Consider the following code:

import java.math.BigDecimal;

class Scratch {

  public static class Test<N extends Number> {

    public void foo(Class<N> numberClass) {
      System.out.println(numberClass);
    }

    public void bar() {
      foo(BigDecimal.class);
    }
  }

  public static void main(String[] args)  {
    Test<Number> t = new Test<>();
    t.bar();
  }
}

This fails to compile on line 12 (the call to foo()) with incompatible types: java.lang.Class<java.math.BigDecimal> cannot be converted to java.lang.Class<N>. I don't get it, because the generic N extends Number, and so I should be able to pass BigDecimal.class to a method which takes a Class<N> parameter.
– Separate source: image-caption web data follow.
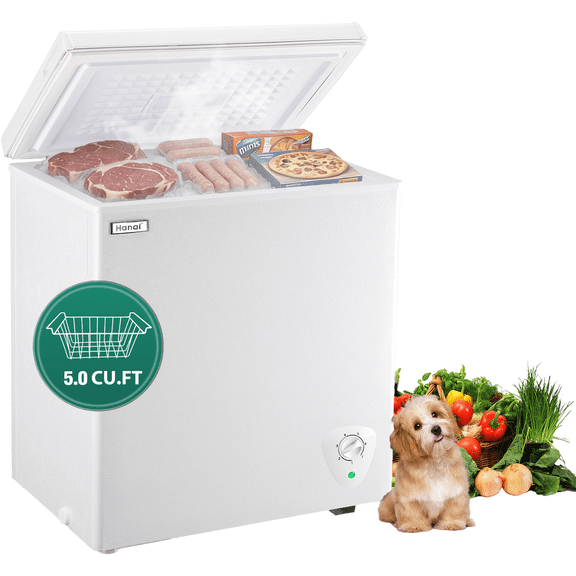 WANAI 5.0 Cubic Chest Freezer, Compact Deep Freezer,White
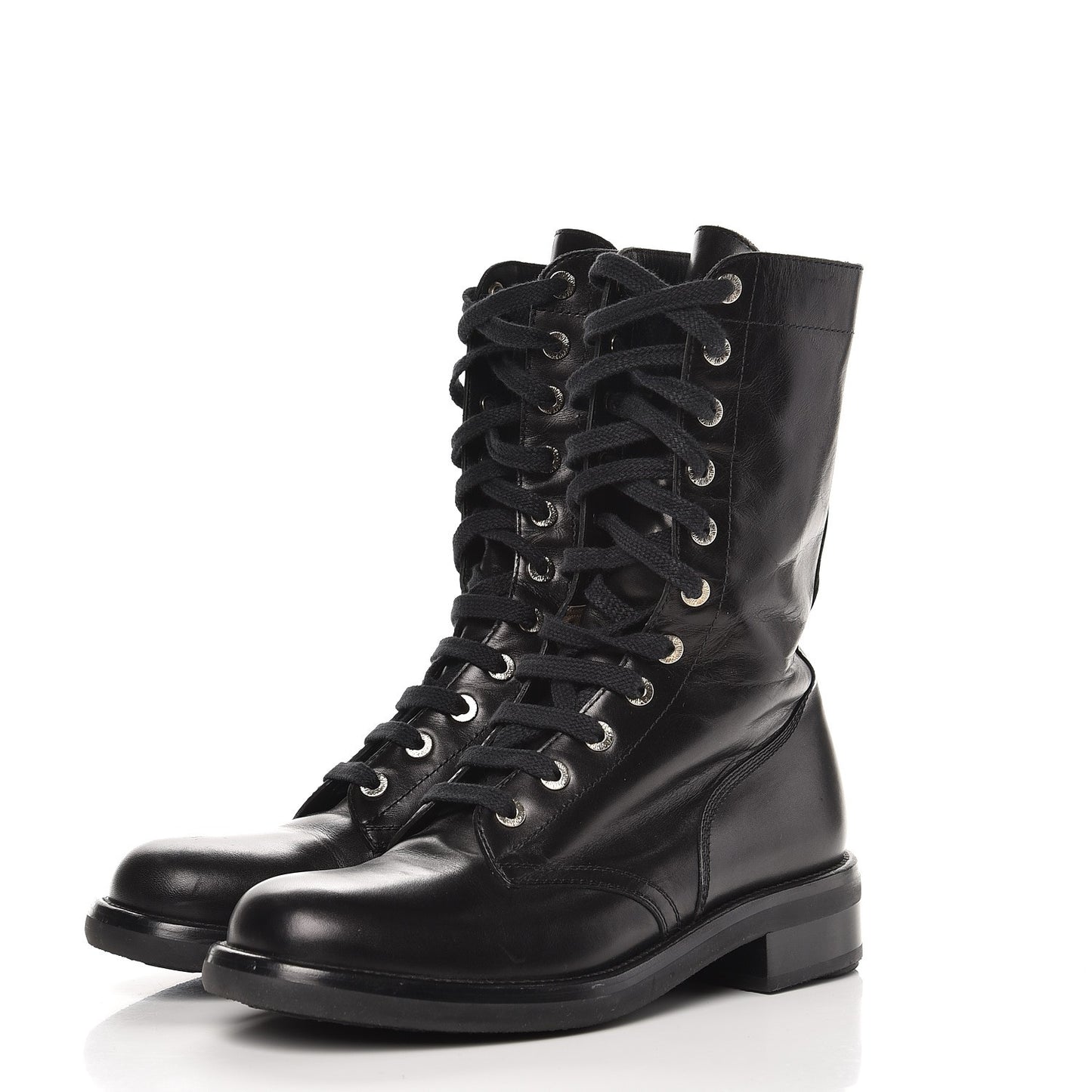 Crinkled Calfskin Paris Edinburgh CC Combat Boots 40 Black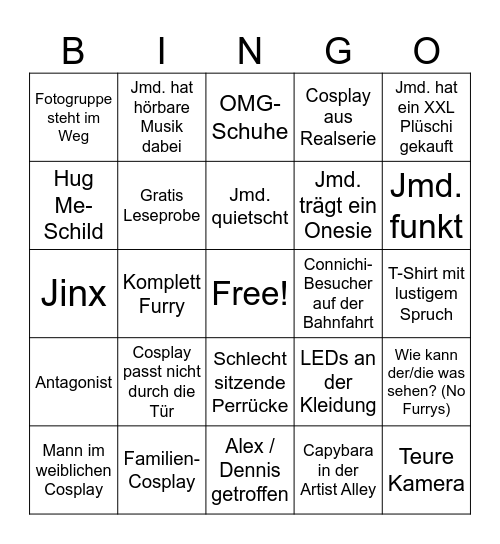 Connichi Bingo Card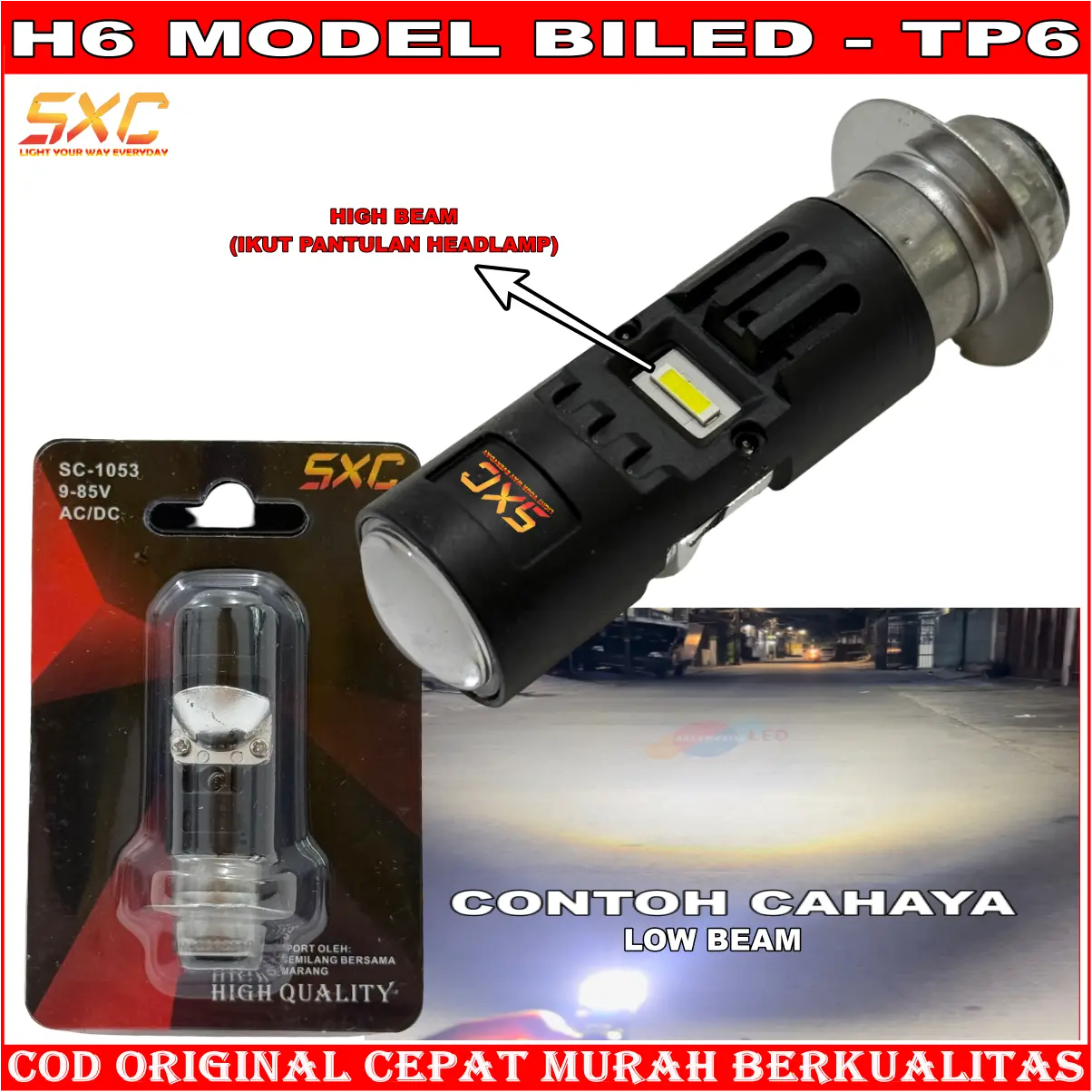 ORIGINAL NEW LAMPU H6 BILED ALA ALA TP6 H6 LED PROJECTOR UNIVERSAL H6 LAMPU MOTOR M8C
TIA for any thoughts!

CodePudding user response：

Suppose a caller did:

var t = new Test<Integer>();
t.bar();

then, bar() would pass a BigDecimal to foo(), which expects an Integer.

CodePudding user response：

The short answer really is that BigDecimal is not necessarily N. It is a little confusing because BigDecimal is within the <N extends Number> bounds, but the current instance's generic type argument can be any type that extends Number, but the bar method assumes BigDecimal.

Check this slightly modified version of the method:

public void bar() {
    new Test<BigDecimal>().foo(BigDecimal.class);
}

That method compiles. Why? Becuase Test<BigDecimal>() has BigDecimal as type argument.

When you call foo(BigDecimal.class), you're assuming that this was instantiated with BigDecimal as type argument, which is not always true, and the the compiler is preventing a bug.

The error in your code would be similar to a hypothetical bar() method in ArrayList<T> that does add("string"), which would be wrong for the same reason (the actual array list instance may be created to hold integers, not strings, so the inside code shouldn't make assumptions)